By David Hodari and Amrith Ramkumar
Copper prices fell for the fourth straight session Friday, as swelling inventories put the base metal on track for its lowest close since mid-December.
Copper for March delivery declined 0.9% to $3.0540 a pound on the Comex division of the New York Mercantile Exchange. Prices are about 7% off their four-year highs from late December and have been hit hard this week, with stocks and other risk assets around the world falling and inventories rising around the world.
Copper's price weakness came from building stocks in London Metal Exchange-licensed warehouses, some analysts said. LME inventories are up 22% so far this week, at their highest level since September 2016, according to Alastair Munro, a broker at Marex Spectron.
The industrial metal's recent declines have come as stocks around the world have had their worst week in years. Some investors have said the stock-market volatility could be affecting appetite for riskier assets like commodities. On Tuesday and Friday, the days following more than 1,000-point declines for the Dow Jones Industrial Average, base metals have also fallen.
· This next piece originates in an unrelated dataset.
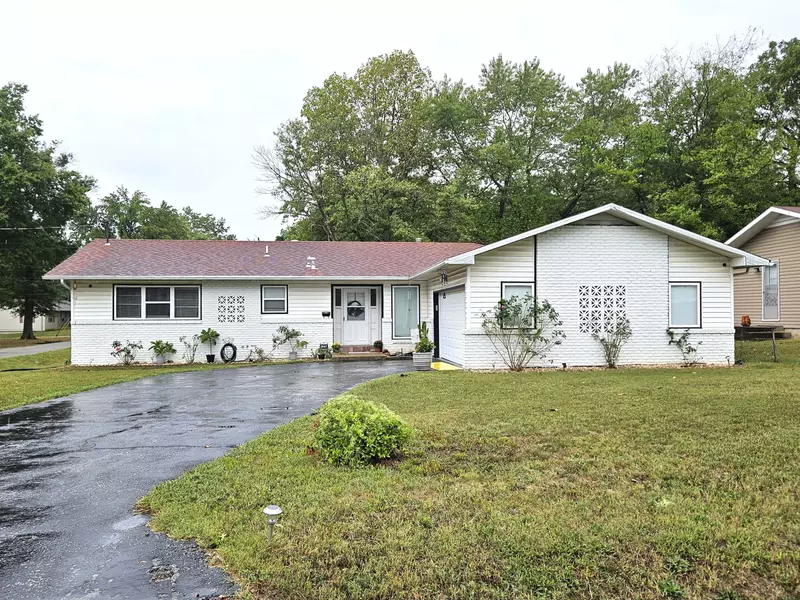 1967 S Saint Charles AVE, Springfield, MO 65804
"We are seeing the same pattern play out this time around as well, although not with the same intensity as what we saw earlier in the week, " said Edward Meir, a strategist at INTL FCStone, in a note to clients.
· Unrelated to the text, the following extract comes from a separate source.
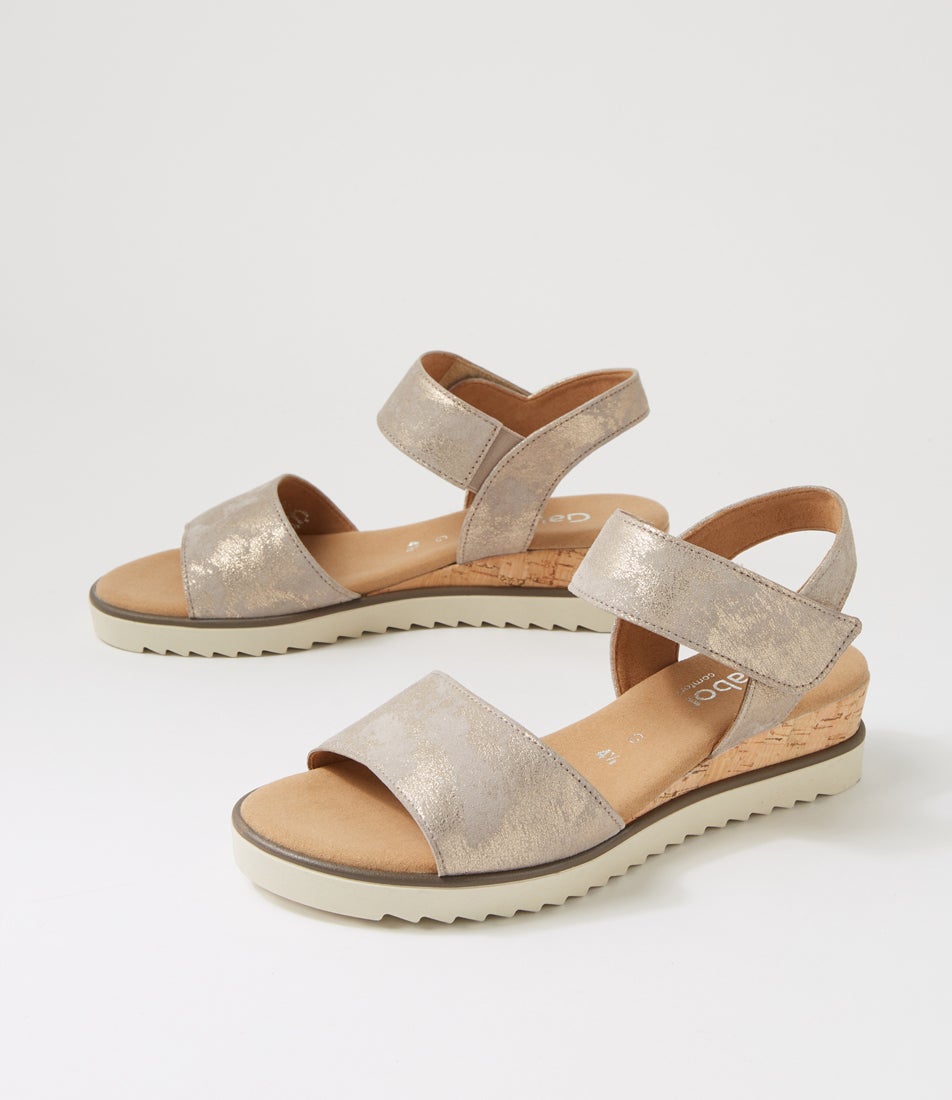 Briva Muschel Leather Sandals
Oil prices have also tumbled this week, weighing on copper because many investors trade the two commodities in a single basket. U.S. crude was down 1.4% Friday, bringing this week's losses to nearly 8%.
Investors will be keeping an eye on economic data out of China moving forward, as the country is the world's largest consumer of industrial metals. Some analysts expect trading activity to pick up after the Chinese Lunar New Year holiday late next week.
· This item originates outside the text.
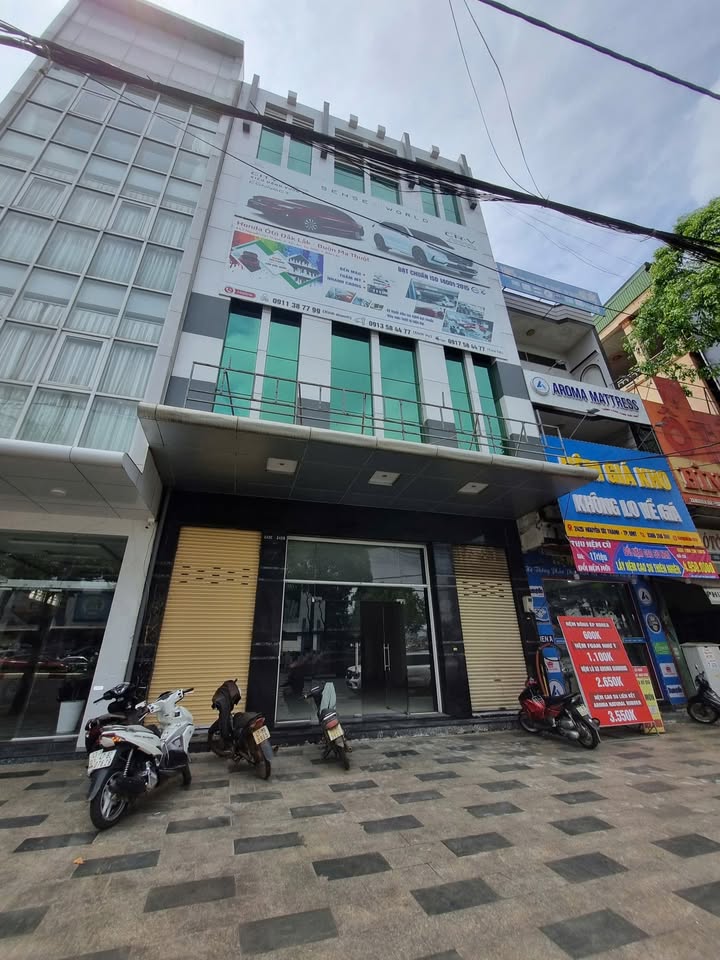 Cho thuê tòa nhà mặt tiền Nguyễn Tất Thành, Buôn Ma Thuột 180m² - Vị trí đắc địa cho kinh doanh!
Some investors still see robust global economic growth and the possibility of supply disruptions, with mining labor contracts up for renegotiation, supporting copper prices moving forward.
Among precious metals, gold for April delivery fell 0.3% to $1,315.30 a troy ounce and was on track for a fifth day of declines in the last six sessions. The dollar rebounding from multiyear lows has weighed on the precious metal by making it and other commodities more expensive for overseas buyers.
On Friday, the WSJ Dollar Index, which tracks the U.S. currency against a basket of 16 others, was little changed.
Some analysts have said concerns about how higher interest rates will impact gold prices have also hurt the precious metal, which struggles to compete with yield-bearing assets like Treasurys as borrowing costs rise.